TASK BRIEF
Show each line of the records below where the word "have" occurs.

RECORDS SUPPLIED
>>>
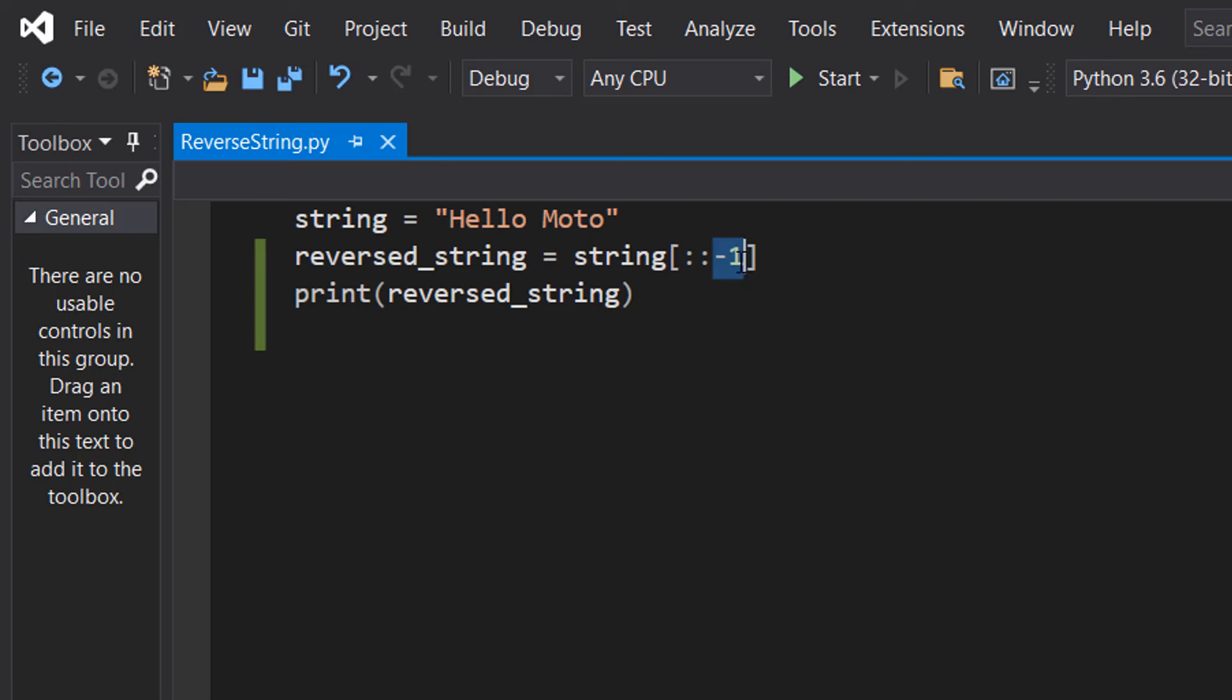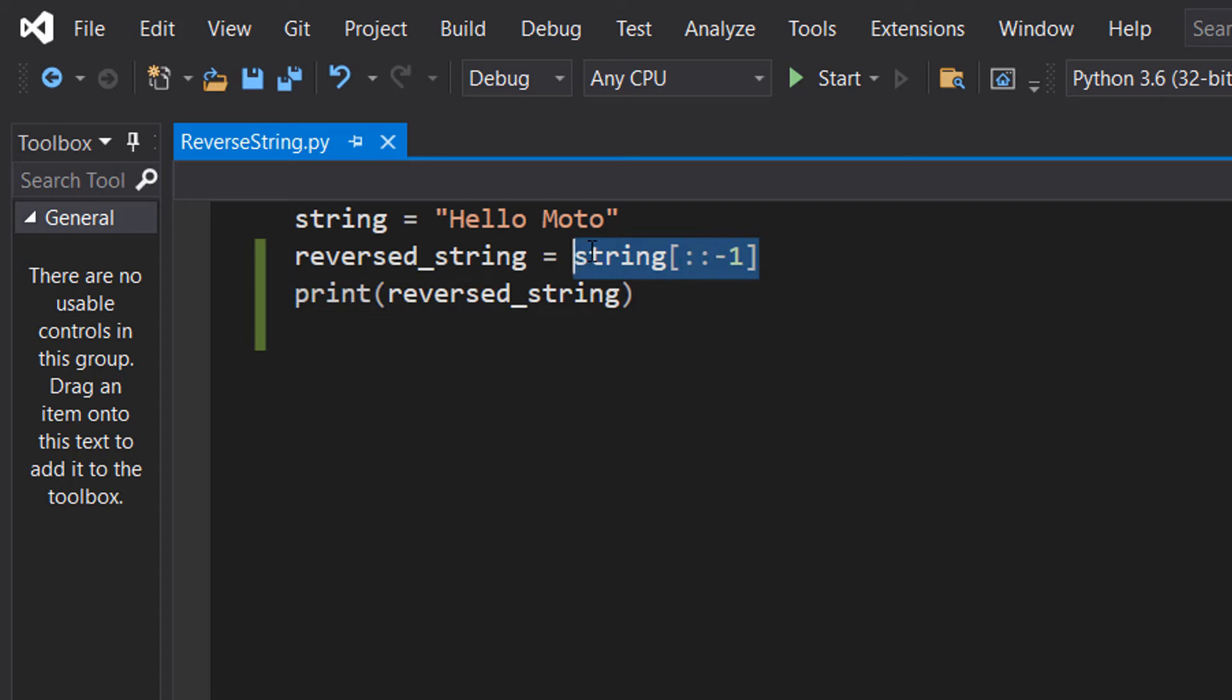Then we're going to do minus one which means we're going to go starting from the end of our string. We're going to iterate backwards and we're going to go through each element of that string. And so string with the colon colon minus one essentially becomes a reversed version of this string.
<<<
>>>
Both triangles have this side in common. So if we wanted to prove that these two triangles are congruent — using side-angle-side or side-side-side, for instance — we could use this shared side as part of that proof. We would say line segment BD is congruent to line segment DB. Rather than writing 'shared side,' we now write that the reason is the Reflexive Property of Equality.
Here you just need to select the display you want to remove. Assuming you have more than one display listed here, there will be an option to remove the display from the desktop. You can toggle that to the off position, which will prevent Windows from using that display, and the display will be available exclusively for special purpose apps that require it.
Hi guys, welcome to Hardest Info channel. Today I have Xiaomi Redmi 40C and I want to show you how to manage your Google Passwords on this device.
<<<
EXPECTED ANSWER
Both triangles have this side in common. So if we wanted to prove that these two triangles are congruent — using side-angle-side or side-side-side, for instance — we could use this shared side as part of that proof. We would say line segment BD is congruent to line segment DB. Rather than writing 'shared side,' we now write that the reason is the Reflexive Property of Equality.
Here you just need to select the display you want to remove. Assuming you have more than one display listed here, there will be an option to remove the display from the desktop. You can toggle that to the off position, which will prevent Windows from using that display, and the display will be available exclusively for special purpose apps that require it.
Hi guys, welcome to Hardest Info channel. Today I have Xiaomi Redmi 40C and I want to show you how to manage your Google Passwords on this device.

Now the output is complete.